[Source data]
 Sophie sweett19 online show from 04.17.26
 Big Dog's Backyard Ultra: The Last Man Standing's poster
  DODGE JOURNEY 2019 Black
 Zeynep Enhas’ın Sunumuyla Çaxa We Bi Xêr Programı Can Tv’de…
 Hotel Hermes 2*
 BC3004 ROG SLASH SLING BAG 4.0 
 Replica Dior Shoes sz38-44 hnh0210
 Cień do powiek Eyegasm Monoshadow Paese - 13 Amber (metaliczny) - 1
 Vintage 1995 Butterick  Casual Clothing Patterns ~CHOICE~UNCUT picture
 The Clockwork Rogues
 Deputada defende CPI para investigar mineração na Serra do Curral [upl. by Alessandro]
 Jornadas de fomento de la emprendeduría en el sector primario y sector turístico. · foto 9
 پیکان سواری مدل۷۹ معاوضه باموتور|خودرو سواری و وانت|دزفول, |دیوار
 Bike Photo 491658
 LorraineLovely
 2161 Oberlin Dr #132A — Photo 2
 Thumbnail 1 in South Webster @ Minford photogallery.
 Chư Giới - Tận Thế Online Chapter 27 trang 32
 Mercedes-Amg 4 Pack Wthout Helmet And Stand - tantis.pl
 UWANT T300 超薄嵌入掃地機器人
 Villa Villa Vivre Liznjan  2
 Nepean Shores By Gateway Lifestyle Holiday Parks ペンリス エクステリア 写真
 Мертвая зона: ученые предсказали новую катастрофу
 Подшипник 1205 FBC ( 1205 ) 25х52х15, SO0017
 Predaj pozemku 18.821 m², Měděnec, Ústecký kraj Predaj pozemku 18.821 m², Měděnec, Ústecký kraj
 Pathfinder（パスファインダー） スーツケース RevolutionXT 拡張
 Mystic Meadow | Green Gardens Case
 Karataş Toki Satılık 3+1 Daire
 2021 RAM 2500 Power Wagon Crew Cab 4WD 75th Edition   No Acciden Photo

• Requirement:
All lines from the one containing "Karataş Toki Satılık 3+1 Daire" through the end of the records, both ends included, are to be quoted exactly; please add nothing else.

• Result:
 Karataş Toki Satılık 3+1 Daire
 2021 RAM 2500 Power Wagon Crew Cab 4WD 75th Edition   No Acciden Photo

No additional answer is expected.